++++ AVAILABLE DATA ++++
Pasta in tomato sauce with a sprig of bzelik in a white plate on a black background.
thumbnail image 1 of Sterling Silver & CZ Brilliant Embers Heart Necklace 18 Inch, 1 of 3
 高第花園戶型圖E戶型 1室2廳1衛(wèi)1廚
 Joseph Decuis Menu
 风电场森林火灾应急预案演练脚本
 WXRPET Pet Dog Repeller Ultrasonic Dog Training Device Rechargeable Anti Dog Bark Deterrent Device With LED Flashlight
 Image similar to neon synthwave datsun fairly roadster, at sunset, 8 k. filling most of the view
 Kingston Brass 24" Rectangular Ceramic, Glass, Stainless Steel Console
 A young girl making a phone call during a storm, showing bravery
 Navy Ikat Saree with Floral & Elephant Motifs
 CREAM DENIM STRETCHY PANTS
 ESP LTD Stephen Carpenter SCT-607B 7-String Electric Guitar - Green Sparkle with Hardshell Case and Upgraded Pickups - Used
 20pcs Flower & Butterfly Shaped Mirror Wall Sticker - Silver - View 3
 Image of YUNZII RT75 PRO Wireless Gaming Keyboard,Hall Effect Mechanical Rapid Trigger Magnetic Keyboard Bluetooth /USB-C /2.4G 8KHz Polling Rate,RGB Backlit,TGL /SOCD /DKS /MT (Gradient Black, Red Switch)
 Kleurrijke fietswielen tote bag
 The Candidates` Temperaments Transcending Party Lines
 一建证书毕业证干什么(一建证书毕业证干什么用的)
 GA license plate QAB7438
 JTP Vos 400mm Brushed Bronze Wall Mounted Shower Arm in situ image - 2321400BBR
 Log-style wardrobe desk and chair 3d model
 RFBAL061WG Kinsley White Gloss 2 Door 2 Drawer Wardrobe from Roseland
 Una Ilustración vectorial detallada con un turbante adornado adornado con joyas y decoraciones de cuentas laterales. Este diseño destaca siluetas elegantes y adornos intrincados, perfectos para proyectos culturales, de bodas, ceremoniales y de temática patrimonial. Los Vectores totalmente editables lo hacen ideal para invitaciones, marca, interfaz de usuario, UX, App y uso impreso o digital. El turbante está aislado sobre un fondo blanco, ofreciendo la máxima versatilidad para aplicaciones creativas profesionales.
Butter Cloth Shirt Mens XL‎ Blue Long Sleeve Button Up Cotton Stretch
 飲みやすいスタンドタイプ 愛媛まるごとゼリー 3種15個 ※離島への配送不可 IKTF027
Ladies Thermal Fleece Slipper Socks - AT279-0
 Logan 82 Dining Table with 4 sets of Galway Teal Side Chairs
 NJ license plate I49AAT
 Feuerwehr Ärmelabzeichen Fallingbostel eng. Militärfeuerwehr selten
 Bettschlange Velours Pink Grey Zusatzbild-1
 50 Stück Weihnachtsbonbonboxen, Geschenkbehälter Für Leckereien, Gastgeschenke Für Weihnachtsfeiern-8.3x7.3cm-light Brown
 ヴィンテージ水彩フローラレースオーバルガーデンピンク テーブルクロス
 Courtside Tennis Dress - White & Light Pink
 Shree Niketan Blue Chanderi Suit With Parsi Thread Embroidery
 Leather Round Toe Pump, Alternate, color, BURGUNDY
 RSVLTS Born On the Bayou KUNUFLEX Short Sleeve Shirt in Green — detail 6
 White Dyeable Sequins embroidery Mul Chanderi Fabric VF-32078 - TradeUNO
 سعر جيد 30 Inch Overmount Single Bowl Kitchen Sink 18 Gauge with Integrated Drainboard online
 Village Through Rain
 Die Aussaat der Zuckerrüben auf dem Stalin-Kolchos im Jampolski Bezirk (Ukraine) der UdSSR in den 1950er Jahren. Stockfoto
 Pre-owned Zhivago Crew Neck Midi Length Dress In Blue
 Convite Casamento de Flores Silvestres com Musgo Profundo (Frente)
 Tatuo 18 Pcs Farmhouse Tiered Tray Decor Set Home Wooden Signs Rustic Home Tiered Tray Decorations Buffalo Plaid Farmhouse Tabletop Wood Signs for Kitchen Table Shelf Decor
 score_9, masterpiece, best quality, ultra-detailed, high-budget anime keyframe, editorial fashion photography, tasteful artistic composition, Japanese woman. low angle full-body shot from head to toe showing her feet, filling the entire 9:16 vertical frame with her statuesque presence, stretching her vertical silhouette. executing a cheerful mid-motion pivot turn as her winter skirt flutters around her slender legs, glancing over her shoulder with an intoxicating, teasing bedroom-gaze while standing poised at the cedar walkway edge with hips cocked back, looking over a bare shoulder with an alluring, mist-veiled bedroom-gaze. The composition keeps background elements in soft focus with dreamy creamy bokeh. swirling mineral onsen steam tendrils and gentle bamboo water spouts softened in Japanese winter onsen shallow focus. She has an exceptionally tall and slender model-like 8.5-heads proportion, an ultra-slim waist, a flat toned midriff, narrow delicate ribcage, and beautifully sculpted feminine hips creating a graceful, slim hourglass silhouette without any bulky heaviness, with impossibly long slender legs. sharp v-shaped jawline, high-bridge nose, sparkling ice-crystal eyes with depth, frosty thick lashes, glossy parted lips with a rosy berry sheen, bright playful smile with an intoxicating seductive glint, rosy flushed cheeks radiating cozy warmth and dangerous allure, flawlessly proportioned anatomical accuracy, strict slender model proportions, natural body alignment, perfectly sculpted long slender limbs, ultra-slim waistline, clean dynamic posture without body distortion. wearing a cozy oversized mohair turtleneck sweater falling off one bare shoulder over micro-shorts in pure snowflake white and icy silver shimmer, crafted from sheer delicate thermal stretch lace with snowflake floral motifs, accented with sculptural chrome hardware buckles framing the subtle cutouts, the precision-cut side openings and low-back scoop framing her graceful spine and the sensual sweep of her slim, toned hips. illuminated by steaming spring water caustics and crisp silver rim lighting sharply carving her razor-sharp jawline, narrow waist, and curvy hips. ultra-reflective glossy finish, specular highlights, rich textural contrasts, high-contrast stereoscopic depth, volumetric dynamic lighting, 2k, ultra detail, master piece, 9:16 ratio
++++
→ WHAT YOU NEED TO DO: Where the line with "CREAM DENIM STRETCHY PANTS" ends, your copy should end too; please return exactly the lines from the first line of the data through it.

→ RESPONSE TO THE EXERCISE:
Pasta in tomato sauce with a sprig of bzelik in a white plate on a black background.
thumbnail image 1 of Sterling Silver & CZ Brilliant Embers Heart Necklace 18 Inch, 1 of 3
 高第花園戶型圖E戶型 1室2廳1衛(wèi)1廚
 Joseph Decuis Menu
 风电场森林火灾应急预案演练脚本
 WXRPET Pet Dog Repeller Ultrasonic Dog Training Device Rechargeable Anti Dog Bark Deterrent Device With LED Flashlight
 Image similar to neon synthwave datsun fairly roadster, at sunset, 8 k. filling most of the view
 Kingston Brass 24" Rectangular Ceramic, Glass, Stainless Steel Console
 A young girl making a phone call during a storm, showing bravery
 Navy Ikat Saree with Floral & Elephant Motifs
 CREAM DENIM STRETCHY PANTS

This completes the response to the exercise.